* Exercise: If a line in the listing includes the word "Steel", copy it out.

* Data:

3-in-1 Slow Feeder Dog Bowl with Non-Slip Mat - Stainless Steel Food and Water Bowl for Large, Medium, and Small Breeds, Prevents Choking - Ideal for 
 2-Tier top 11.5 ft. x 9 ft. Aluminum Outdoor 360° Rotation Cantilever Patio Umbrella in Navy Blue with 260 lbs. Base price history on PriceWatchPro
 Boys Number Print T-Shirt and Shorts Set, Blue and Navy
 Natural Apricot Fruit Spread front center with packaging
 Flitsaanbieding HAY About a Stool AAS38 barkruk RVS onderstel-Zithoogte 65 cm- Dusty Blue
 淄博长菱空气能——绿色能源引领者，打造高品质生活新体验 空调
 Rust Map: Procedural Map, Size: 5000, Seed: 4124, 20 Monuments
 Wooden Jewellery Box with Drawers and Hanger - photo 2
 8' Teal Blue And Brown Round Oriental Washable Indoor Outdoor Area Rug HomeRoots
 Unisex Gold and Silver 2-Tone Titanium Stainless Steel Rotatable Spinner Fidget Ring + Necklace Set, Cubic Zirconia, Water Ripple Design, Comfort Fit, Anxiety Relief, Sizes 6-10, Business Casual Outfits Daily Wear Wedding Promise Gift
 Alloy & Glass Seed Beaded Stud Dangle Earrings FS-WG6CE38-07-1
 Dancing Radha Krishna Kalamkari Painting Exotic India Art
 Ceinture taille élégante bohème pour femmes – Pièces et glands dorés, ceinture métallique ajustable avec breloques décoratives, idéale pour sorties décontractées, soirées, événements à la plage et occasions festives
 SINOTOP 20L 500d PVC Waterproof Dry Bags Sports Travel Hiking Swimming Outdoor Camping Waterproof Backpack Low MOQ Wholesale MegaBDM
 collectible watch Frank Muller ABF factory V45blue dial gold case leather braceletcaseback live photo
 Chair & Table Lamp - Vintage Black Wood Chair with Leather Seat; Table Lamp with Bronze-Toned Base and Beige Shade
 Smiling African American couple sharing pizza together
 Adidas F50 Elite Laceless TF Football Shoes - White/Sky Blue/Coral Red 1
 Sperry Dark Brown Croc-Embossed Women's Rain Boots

* Response:
3-in-1 Slow Feeder Dog Bowl with Non-Slip Mat - Stainless Steel Food and Water Bowl for Large, Medium, and Small Breeds, Prevents Choking - Ideal for 
 Unisex Gold and Silver 2-Tone Titanium Stainless Steel Rotatable Spinner Fidget Ring + Necklace Set, Cubic Zirconia, Water Ripple Design, Comfort Fit, Anxiety Relief, Sizes 6-10, Business Casual Outfits Daily Wear Wedding Promise Gift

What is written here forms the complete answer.